Others.... well, they couldn't wait to pay extra for this sort of stuff. And back then, we also sold ringtones. You may not recall this, but back in the day, people would pay dollars for ringtones, often several dollars at a time. Some folks actually would change their ringtones weekly, paying for the privilege of having a "special" ringtone on their phone - once again, status rearing its ugly head. It was idiotic, it was madness, and people did it in droves.
Today, well, less so. A friend of mine is a Neil Diamond fan, and lamented that her new smart phone wouldn't play "Sweet Caroline" as her old flip-phone did. I grabbed her phone and managed to link it with mine (don't ask me how, it was one of those dealies in the setup menu you never use). I downloaded the song from the Data Card in my phone to hers, and then selected it as a ringtone. The phone even has a feature where they will select an optimal part of the song to use as the ringtone. All of this - for free. It took about five minutes to do, and she was very pleased.
Today, there are kids young adults who never heard of the idea of paying for ringtones - or paying pennies for texts. They get all of this "bundled" into their data plan, even if they are using something as plebeian as our GoPhone pay-as-you-go plan (which Mark has) which provides unlimited texting and 3GB of data, and of course, unlimited phone calls in the US and Canada for $40.75 a month. (UPDATE: For $55 a month, you get 20GB of data, and we ditched our UVERSE as a result and just use phones as WiFi hotspots. Today, they are offering plans for $40 for 15GB - prices are falling and service is improving).
Now, some might argue that back in the "good old days" we also paid by-the-minute for long distance service (a term alien to today's youth as well). And it wasn't cheap. Call your Grandma in California from New York, during peak rates in the middle of the day, and that phone call could cost several dollars. Dad would scream when he got the bill at the end of the month - no, the phone didn't have a display telling you how much each call cost, either. But back then, regulations, forced phone companies to offer basic phone service for cheap, which they made up for with long-distance services. And long-distance did have an extra cost to the telcos, as they had to pay for all that switching gear and long-distance lines and the operators to run them. Today, less so.
But unlike texting or ringtones, the cost wasn't essentially zero. And of course, over time, the free market took over. Since the cost of ringtones was basically nothing (other than copyright claims for some music) and since texting uses leftover data bandwidth, companies had little costs for these items, and could offer them for free or "unlimited" as part of a monthly subscription service - much as Netflix lets you watch all you want or rent all the DVDs (remember those?) you want for one monthly fee, instead of paying by the eaches.

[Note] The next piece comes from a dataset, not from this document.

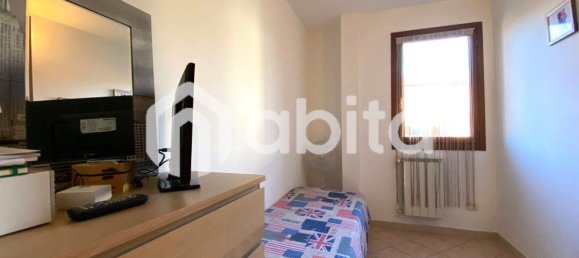 5 bedrooms House in Figline e Incisa Valdarno, Italy No. 381581 15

But it begs the question - what sort of unnecessary bullshit are we paying for today that really costs nothing to make and is really not essential to our daily living? Maybe it is $1000 smart phones or $70,000 pickup trucks. Maybe it is designer coffees or upscale burritos or "craft cocktails." It is something to think about. We ratchet up our daily expenses, a penny at a time, and then later on wonder why we are broke.
Because it is all-too-easy to go broke, one ringtone or one text at a time - or whatever the modern equivalent is.